[Given data]
>>>

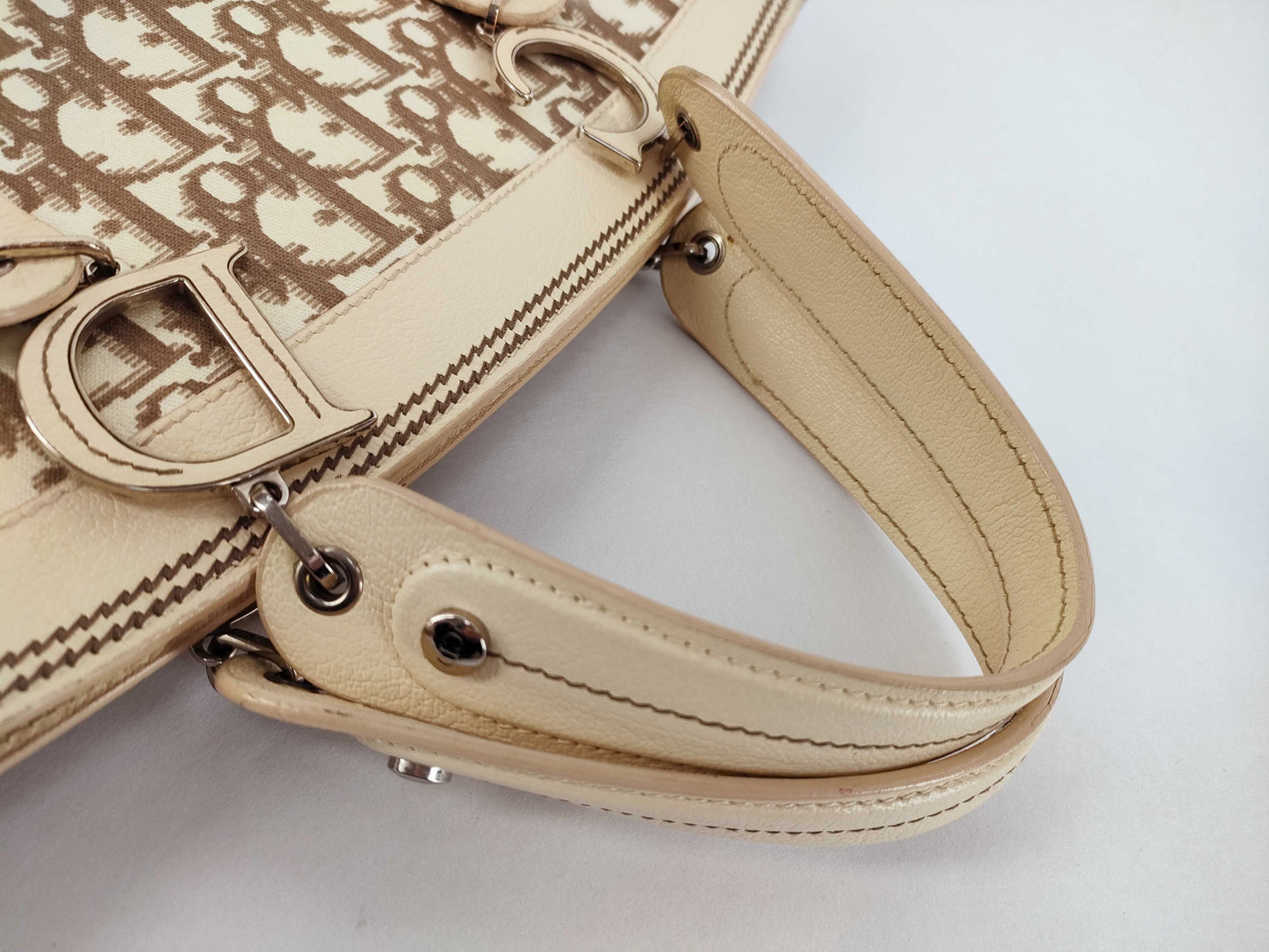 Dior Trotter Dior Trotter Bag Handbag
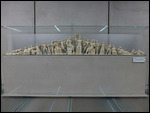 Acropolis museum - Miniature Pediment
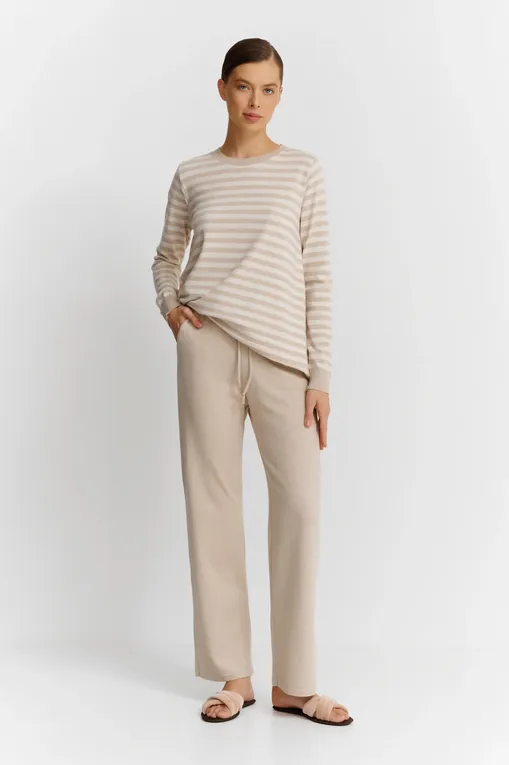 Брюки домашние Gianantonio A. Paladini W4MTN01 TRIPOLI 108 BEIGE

<<<
>>>

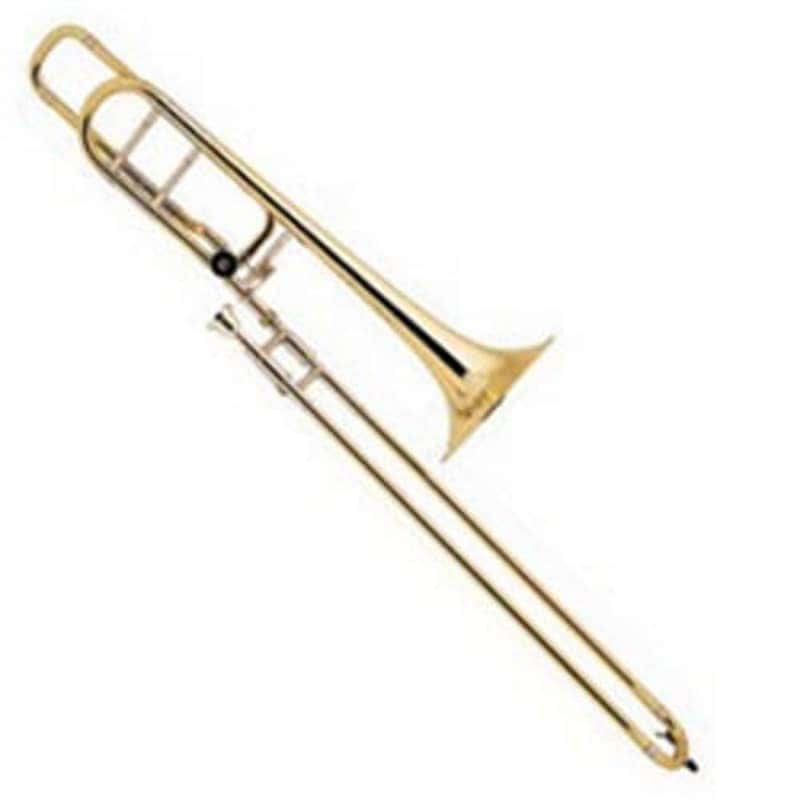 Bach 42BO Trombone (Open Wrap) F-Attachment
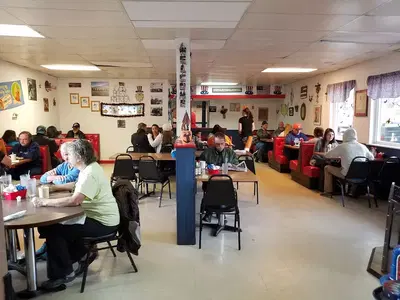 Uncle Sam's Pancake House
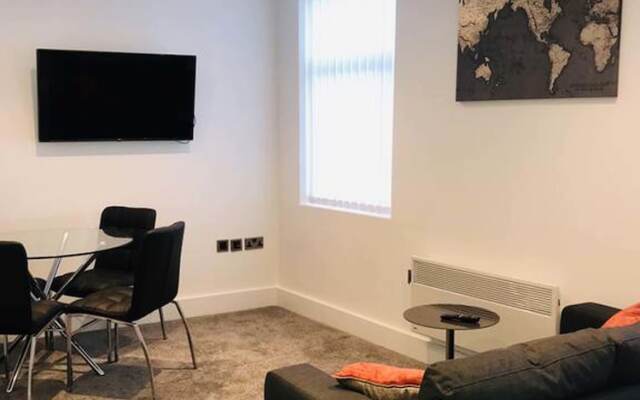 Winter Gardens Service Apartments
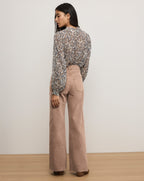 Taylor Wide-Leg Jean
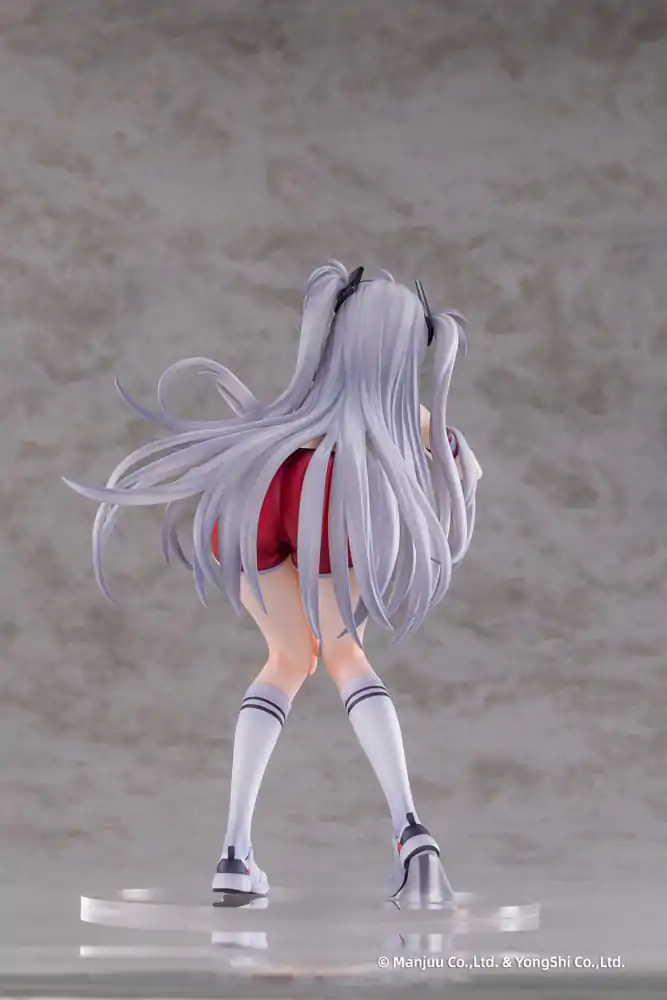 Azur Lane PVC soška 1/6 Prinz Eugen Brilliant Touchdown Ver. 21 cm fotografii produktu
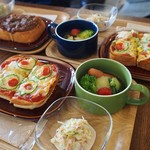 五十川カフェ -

<<<

Look above for the line containing "Dior Trotter Dior Trotter Bag Handbag", then copy exactly from it through the line containing "Брюки домашние Gianantonio", keeping both and leaving out pictures. Add nothing else.

 Dior Trotter Dior Trotter Bag Handbag
 Acropolis museum - Miniature Pediment
 Брюки домашние Gianantonio A. Paladini W4MTN01 TRIPOLI 108 BEIGE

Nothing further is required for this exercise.